In this notebook I'll be tweaking [kaggle notebook ResNet for MNIST with PyTorch](https://www.kaggle.com/readilen/resnet-for-mnist-with-pytorch?scriptVersionId=6942243) and the [PyTorch Tutorial on implementation of a ResNet model](https://pytorch-tutorial.readthedocs.io/en/latest/tutorial/chapter03_intermediate/3_2_2_cnn_resnet_cifar10/) in order to learn more about the ResNet model and also how to use PyTorch. The purpose is to change, add, remove, certain parts of the code and see exactly what happens, while also trying to better the accuracy (it's aprox ~10% in the other notebook that uses this model and the CIFAR 10 dataset). 
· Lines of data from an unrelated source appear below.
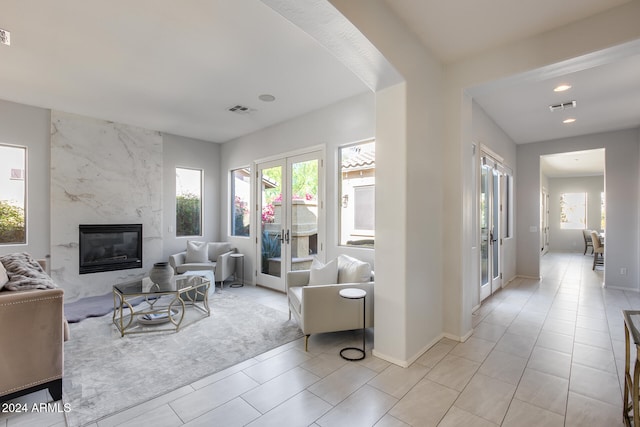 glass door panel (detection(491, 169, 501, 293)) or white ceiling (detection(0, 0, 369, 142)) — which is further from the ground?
white ceiling (detection(0, 0, 369, 142))

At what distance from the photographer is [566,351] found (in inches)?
113

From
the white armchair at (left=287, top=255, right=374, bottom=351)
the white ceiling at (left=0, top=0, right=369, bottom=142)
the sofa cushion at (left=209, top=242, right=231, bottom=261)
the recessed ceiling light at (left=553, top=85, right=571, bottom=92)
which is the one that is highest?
the white ceiling at (left=0, top=0, right=369, bottom=142)

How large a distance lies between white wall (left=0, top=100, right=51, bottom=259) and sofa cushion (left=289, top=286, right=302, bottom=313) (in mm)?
4156

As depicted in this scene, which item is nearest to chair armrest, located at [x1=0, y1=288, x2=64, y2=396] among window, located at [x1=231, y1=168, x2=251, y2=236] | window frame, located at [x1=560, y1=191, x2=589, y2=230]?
window, located at [x1=231, y1=168, x2=251, y2=236]

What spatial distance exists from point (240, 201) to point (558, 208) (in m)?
11.9

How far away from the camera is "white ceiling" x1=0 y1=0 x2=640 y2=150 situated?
235cm

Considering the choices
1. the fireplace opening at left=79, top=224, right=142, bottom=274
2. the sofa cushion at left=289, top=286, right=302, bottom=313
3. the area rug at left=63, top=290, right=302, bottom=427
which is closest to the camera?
the area rug at left=63, top=290, right=302, bottom=427

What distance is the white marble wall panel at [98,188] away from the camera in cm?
471

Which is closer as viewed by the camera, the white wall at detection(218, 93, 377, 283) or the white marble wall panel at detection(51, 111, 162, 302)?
the white wall at detection(218, 93, 377, 283)

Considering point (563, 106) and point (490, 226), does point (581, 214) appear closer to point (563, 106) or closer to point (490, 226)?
point (490, 226)

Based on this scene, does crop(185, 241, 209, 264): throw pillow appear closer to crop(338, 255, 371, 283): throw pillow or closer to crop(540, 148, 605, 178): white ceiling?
crop(338, 255, 371, 283): throw pillow

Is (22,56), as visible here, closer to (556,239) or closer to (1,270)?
(1,270)

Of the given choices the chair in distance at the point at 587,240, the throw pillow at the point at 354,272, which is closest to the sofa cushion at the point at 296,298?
the throw pillow at the point at 354,272

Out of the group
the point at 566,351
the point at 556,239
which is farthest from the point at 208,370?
the point at 556,239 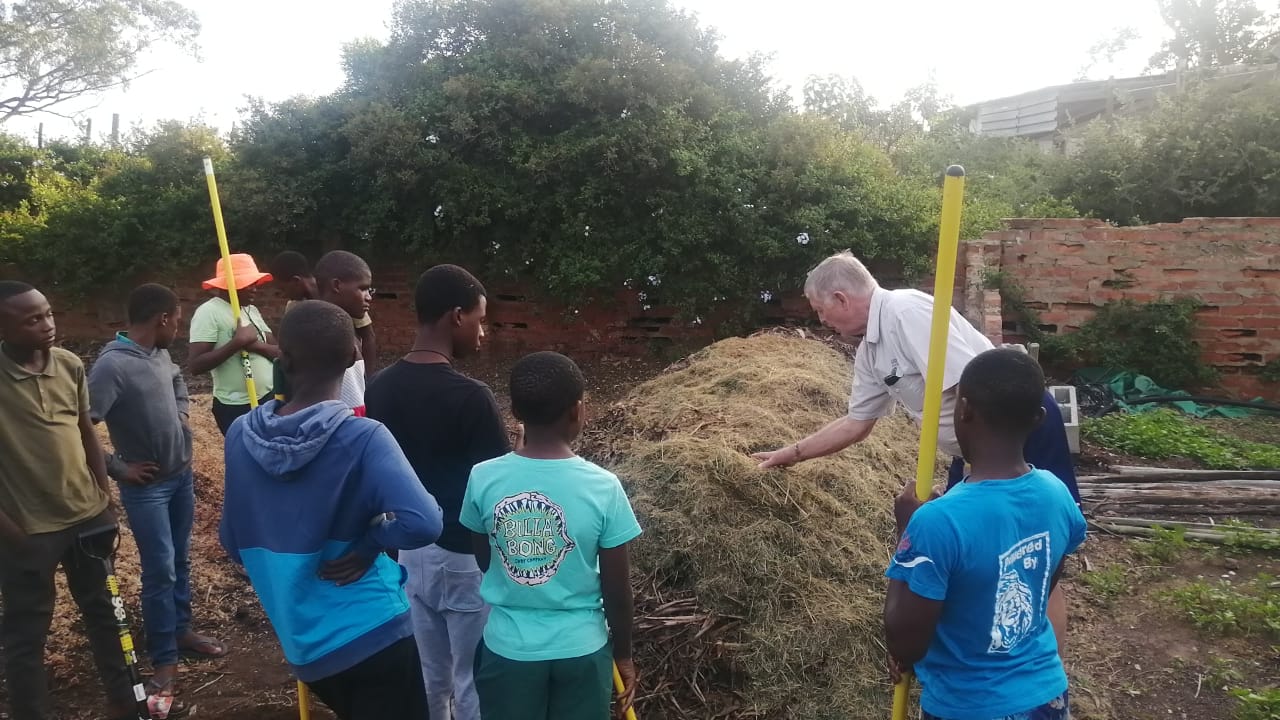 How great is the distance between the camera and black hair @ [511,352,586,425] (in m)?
2.07

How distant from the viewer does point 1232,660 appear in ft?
12.3

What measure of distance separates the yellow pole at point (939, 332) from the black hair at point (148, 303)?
10.7 feet

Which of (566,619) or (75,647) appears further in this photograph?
(75,647)

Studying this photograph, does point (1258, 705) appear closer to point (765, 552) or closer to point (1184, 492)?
point (765, 552)

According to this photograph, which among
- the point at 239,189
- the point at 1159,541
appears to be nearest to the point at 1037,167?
the point at 1159,541

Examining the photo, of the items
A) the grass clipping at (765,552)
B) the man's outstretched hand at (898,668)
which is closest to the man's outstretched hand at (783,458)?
the grass clipping at (765,552)

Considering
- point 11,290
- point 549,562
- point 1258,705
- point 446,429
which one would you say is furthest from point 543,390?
point 1258,705

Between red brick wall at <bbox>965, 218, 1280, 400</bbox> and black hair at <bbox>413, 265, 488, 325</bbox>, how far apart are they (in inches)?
292

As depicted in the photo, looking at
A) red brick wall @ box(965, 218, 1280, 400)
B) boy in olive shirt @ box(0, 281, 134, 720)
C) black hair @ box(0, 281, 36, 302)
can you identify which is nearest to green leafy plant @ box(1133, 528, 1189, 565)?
red brick wall @ box(965, 218, 1280, 400)

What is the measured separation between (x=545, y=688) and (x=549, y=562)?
1.10 ft

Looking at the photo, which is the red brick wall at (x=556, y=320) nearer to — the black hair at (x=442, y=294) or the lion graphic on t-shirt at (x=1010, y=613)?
the black hair at (x=442, y=294)

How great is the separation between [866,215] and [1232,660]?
6.79 m

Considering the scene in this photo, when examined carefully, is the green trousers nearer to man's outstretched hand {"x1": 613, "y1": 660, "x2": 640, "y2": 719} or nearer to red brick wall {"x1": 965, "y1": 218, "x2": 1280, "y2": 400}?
man's outstretched hand {"x1": 613, "y1": 660, "x2": 640, "y2": 719}

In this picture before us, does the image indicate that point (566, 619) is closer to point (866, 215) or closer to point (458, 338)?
point (458, 338) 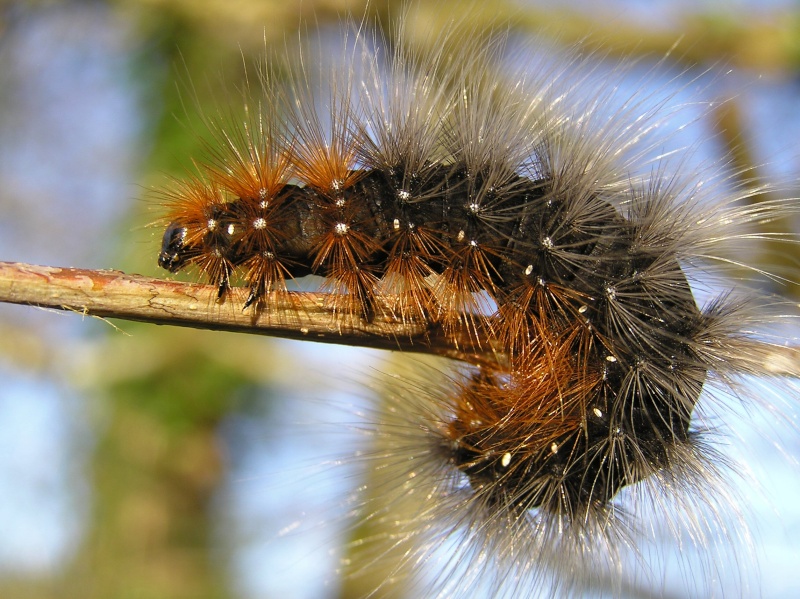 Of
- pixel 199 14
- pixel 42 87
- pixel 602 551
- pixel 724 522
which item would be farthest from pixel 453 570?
pixel 42 87

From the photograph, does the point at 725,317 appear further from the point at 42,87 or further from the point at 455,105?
the point at 42,87

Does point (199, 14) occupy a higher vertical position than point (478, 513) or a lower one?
higher

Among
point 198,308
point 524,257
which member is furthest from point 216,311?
point 524,257

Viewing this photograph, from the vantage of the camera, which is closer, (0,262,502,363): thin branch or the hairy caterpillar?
(0,262,502,363): thin branch

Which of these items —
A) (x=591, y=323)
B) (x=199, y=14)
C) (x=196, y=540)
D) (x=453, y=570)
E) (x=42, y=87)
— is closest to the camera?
(x=591, y=323)

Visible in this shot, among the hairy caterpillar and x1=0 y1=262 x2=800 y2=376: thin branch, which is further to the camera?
the hairy caterpillar

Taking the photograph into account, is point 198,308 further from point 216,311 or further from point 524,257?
point 524,257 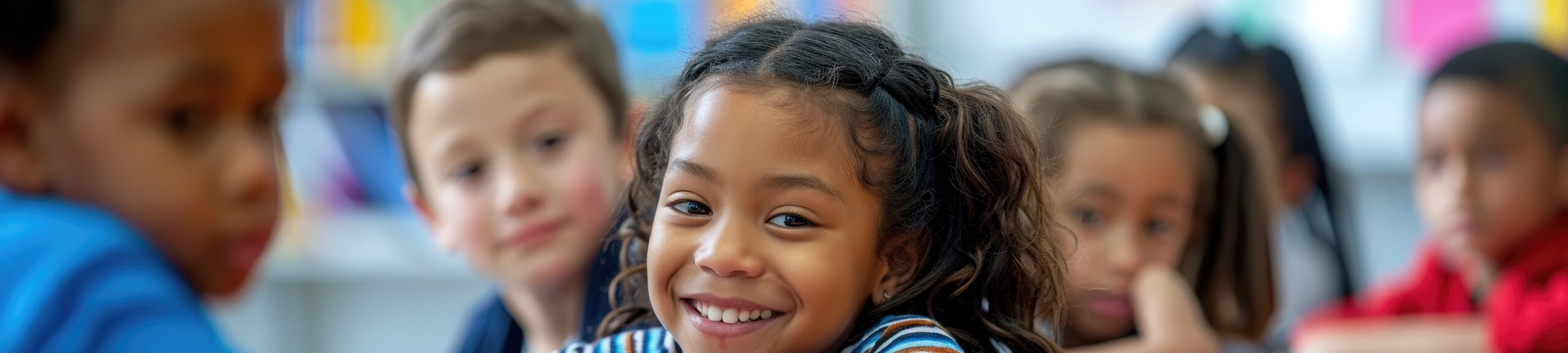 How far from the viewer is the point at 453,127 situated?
46.2 inches

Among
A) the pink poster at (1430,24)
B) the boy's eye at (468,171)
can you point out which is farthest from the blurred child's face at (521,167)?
the pink poster at (1430,24)

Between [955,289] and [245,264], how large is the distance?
1.47 ft

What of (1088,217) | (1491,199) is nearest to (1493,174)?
(1491,199)

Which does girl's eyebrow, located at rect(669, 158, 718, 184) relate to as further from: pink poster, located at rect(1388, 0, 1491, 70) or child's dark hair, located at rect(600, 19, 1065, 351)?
pink poster, located at rect(1388, 0, 1491, 70)

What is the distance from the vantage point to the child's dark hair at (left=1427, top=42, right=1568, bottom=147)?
1541 mm

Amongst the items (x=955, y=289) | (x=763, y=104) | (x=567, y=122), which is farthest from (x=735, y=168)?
(x=567, y=122)

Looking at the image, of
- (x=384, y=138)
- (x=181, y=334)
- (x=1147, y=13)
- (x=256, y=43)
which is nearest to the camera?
(x=181, y=334)

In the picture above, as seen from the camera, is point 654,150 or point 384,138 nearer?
point 654,150

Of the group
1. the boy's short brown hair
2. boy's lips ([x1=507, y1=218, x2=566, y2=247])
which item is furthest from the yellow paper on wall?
boy's lips ([x1=507, y1=218, x2=566, y2=247])

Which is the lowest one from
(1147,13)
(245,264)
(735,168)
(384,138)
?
(384,138)

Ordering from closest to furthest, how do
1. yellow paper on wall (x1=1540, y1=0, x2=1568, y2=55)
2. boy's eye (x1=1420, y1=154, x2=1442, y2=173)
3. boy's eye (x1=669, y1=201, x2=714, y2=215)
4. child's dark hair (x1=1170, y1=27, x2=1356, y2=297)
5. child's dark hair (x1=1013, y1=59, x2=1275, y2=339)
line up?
boy's eye (x1=669, y1=201, x2=714, y2=215) < child's dark hair (x1=1013, y1=59, x2=1275, y2=339) < boy's eye (x1=1420, y1=154, x2=1442, y2=173) < child's dark hair (x1=1170, y1=27, x2=1356, y2=297) < yellow paper on wall (x1=1540, y1=0, x2=1568, y2=55)

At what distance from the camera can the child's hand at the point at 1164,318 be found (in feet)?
3.81

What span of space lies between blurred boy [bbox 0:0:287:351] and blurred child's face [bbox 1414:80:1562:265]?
4.27 ft

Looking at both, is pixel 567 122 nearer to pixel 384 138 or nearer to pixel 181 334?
pixel 181 334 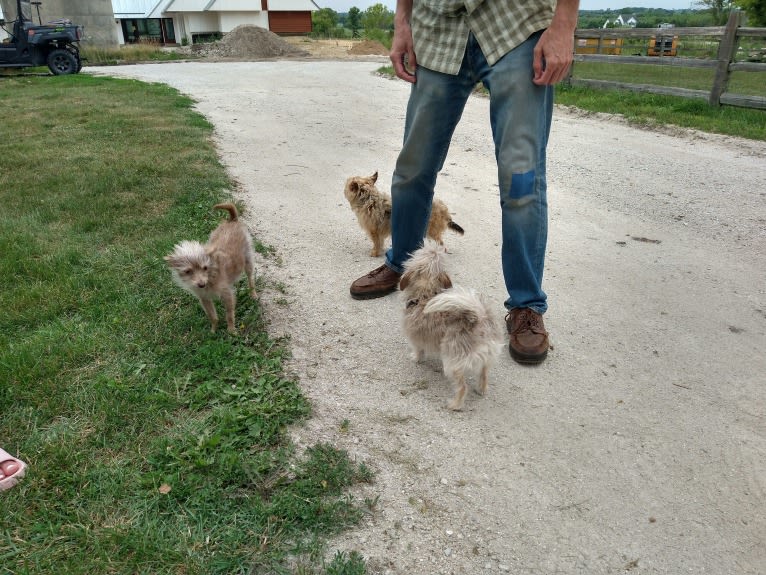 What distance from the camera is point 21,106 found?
12289 mm

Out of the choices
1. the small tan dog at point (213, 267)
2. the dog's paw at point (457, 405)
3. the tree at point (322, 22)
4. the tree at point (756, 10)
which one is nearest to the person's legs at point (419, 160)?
the small tan dog at point (213, 267)

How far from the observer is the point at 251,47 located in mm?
34906

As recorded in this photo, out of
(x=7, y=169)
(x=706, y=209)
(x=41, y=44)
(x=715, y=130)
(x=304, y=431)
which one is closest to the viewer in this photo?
(x=304, y=431)

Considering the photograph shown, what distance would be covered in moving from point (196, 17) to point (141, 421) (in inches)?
2297

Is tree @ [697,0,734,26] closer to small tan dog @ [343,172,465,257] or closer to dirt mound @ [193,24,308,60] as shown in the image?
dirt mound @ [193,24,308,60]

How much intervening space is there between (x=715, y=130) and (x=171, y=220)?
8582 millimetres

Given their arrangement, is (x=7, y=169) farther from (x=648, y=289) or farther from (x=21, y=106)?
(x=648, y=289)

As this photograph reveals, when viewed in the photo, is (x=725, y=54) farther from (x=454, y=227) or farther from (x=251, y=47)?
(x=251, y=47)

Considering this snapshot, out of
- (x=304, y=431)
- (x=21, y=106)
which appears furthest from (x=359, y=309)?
(x=21, y=106)

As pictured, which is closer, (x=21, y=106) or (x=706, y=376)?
(x=706, y=376)

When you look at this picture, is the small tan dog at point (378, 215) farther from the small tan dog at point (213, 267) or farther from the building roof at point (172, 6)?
the building roof at point (172, 6)

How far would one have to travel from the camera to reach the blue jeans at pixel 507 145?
2.88 metres

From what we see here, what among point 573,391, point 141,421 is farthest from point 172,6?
point 573,391

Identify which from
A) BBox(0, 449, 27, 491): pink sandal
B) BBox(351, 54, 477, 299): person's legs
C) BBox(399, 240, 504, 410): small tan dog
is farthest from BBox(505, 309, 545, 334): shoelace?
BBox(0, 449, 27, 491): pink sandal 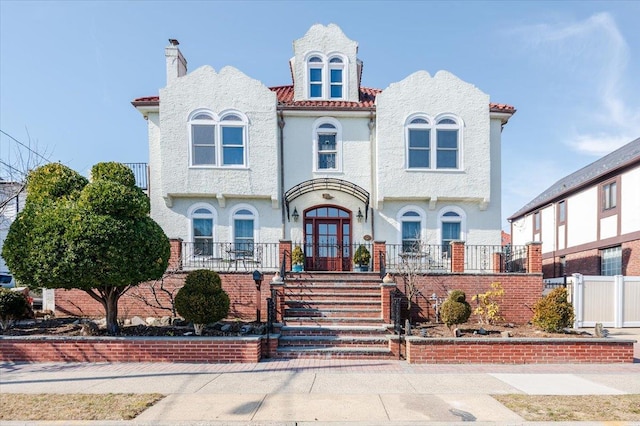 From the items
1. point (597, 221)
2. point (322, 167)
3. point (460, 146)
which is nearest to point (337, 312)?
point (322, 167)

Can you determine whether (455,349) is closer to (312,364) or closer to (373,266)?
(312,364)

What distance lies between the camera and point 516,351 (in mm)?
7891

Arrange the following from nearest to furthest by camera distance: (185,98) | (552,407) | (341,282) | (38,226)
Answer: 1. (552,407)
2. (38,226)
3. (341,282)
4. (185,98)

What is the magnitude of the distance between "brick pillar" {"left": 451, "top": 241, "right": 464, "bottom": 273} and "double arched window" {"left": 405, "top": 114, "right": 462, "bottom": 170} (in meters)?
3.12

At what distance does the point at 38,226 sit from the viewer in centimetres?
766

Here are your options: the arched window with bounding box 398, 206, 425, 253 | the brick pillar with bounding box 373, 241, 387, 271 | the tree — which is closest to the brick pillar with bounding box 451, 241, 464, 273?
the arched window with bounding box 398, 206, 425, 253

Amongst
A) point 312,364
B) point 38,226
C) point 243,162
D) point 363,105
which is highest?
point 363,105

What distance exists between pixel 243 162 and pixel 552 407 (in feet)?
36.8

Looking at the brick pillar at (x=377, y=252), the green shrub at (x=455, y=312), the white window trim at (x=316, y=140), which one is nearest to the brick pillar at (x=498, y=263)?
the green shrub at (x=455, y=312)

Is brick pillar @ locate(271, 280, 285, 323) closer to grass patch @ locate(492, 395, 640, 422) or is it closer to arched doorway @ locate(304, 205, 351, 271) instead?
arched doorway @ locate(304, 205, 351, 271)

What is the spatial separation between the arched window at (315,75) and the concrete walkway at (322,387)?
1032cm

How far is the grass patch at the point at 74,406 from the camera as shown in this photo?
495 cm

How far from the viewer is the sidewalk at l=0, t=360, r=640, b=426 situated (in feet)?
16.5

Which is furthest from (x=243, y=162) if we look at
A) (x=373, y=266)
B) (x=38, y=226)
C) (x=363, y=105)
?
(x=38, y=226) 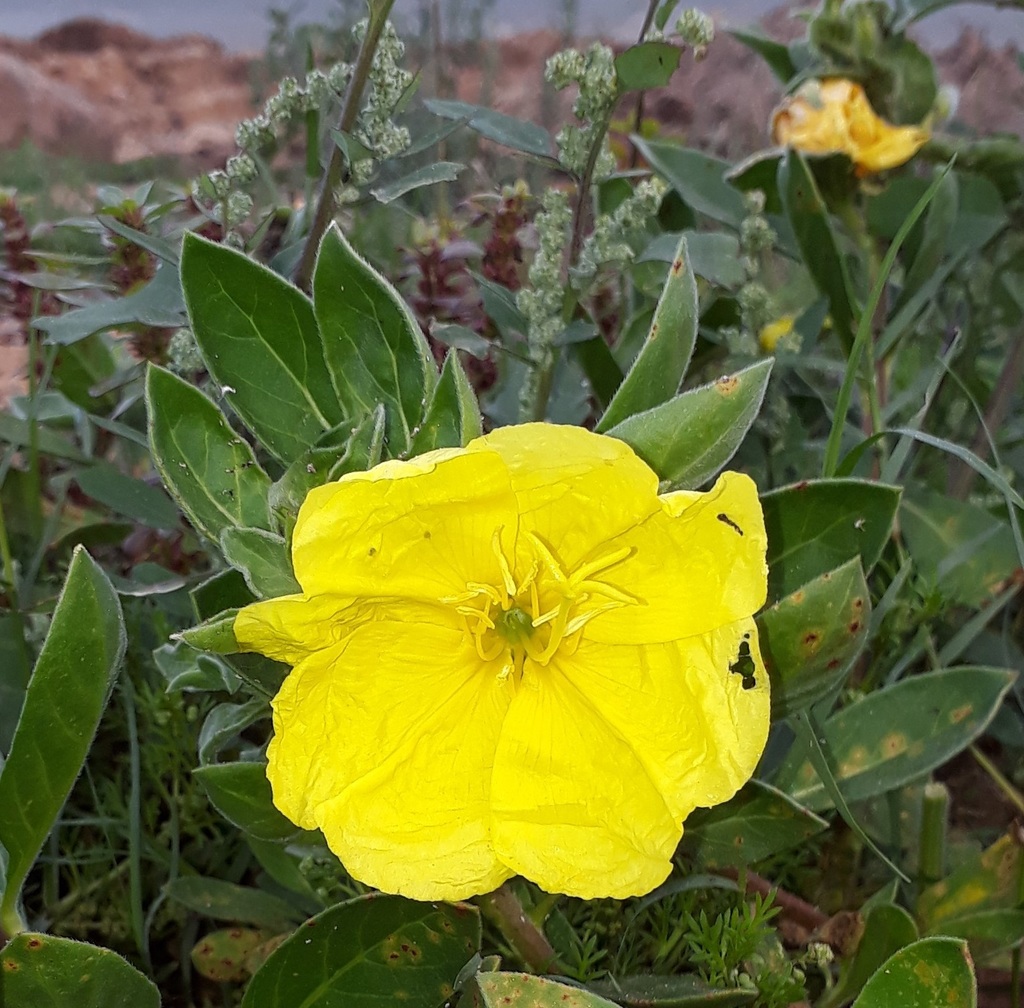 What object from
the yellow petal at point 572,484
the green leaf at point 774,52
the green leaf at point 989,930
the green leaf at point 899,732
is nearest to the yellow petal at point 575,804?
the yellow petal at point 572,484

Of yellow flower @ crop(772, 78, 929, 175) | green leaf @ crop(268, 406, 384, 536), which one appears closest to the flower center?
green leaf @ crop(268, 406, 384, 536)

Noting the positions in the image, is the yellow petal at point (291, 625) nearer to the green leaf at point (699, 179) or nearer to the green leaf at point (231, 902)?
the green leaf at point (231, 902)

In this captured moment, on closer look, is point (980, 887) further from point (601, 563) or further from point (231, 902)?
point (231, 902)

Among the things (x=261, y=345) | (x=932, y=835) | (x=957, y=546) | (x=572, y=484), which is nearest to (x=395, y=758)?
(x=572, y=484)

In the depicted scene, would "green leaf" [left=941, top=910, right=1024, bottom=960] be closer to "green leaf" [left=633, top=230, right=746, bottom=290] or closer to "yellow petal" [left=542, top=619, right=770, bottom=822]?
"yellow petal" [left=542, top=619, right=770, bottom=822]

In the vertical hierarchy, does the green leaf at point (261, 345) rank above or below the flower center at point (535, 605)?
above

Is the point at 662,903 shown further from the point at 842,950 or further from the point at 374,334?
the point at 374,334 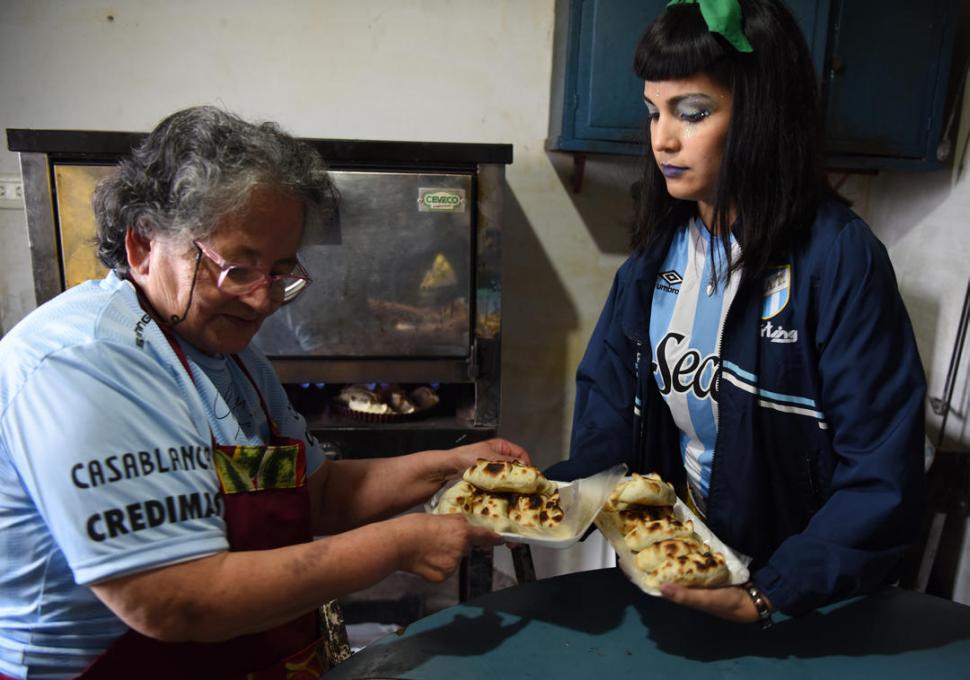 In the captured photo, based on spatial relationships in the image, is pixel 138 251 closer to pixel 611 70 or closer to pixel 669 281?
pixel 669 281

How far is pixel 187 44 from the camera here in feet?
8.39

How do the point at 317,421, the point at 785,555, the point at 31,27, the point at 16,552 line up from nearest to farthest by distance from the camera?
1. the point at 16,552
2. the point at 785,555
3. the point at 317,421
4. the point at 31,27

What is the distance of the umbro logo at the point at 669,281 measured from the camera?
63.2 inches

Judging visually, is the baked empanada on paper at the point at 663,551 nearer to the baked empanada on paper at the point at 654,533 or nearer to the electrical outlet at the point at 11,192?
the baked empanada on paper at the point at 654,533

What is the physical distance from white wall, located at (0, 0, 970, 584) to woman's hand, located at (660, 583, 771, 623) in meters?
1.78

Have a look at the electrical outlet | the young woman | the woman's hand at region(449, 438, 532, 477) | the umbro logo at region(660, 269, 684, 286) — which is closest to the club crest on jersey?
the young woman

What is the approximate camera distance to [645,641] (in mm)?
1174

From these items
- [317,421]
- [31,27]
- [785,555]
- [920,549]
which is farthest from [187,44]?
[920,549]

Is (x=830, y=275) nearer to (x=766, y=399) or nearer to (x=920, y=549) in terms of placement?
(x=766, y=399)

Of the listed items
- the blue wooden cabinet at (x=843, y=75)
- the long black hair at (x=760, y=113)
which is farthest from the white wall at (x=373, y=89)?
the long black hair at (x=760, y=113)

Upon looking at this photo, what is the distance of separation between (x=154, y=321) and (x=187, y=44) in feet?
6.26

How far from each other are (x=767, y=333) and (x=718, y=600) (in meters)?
0.52

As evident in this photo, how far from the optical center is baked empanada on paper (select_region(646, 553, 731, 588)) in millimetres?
1116

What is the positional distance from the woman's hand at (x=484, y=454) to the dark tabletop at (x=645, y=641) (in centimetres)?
37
Code is due to [Liu Kuangs's extensive code](https://github.com/kuangliu) and also [TorchVision ResNet model](https://github.com/pytorch/vision/blob/master/torchvision/models/resnet.py) source code.

***
<span style="color: blue"><b>Study session observations: </b></span>

#### 20/07/2020:
Had difficulties implementing a 4th layer due to size, during forward propagation of residual block. Will look more into that after a more concise understanding of the archictecture and classes used. Changed the notebook's name in order to be more incisive with the notebook content. 

Will attempt to change a few input values of certain variables (like learning_rate, train and test loader batch size, etc.) and also both forward methods to see what happens. 

Also want to see more about num_epochs needed and in general more about epochs. When using 80 epochs, the accuracy was of ~10-11%. With 1, ~9-10%. Want to see what can influence the accuracy of the model.

#### 21/07/2020:
Attempted to train model using different layers ([3, 4, 6, 3] instead of [2,2,2,2]). The forth value of the layers isn't used (yet). Tried also changing the value of num of epochs and the learning_rate. Tried understanding more about the resnet class from torchvision and each layer by reading a bit more of its source.
***

In [1]:
import torch
import torch.nn as nn
import torchvision
import torchvision.transforms as transforms

### Dataset
***

In [2]:
device = torch.device('cuda' if torch.cuda.is_available() else 'cpu')
device

device(type='cuda')

In [23]:
transform = transforms.Compose([
    transforms.RandomHorizontalFlip(),
    transforms.ToTensor()])

In [24]:
train_dataset = torchvision.datasets.CIFAR10(root='../cifar-10-batches-py/',
                                             train=True, 
                                             transform=transform)

test_dataset = torchvision.datasets.CIFAR10(root='../cifar-10-batches-py/',
                                            train=False, 
                                            transform=transforms.ToTensor())

In [25]:
print(train_dataset.data.shape)
print(test_dataset.data.shape)

(50000, 32, 32, 3)
(10000, 32, 32, 3)


In [26]:
train_loader = torch.utils.data.DataLoader(dataset=train_dataset,
                                           batch_size=100, 
                                           shuffle=True) #Original tutorial has shuffle=True

test_loader = torch.utils.data.DataLoader(dataset=test_dataset,
                                          batch_size=100, 
                                          shuffle=False)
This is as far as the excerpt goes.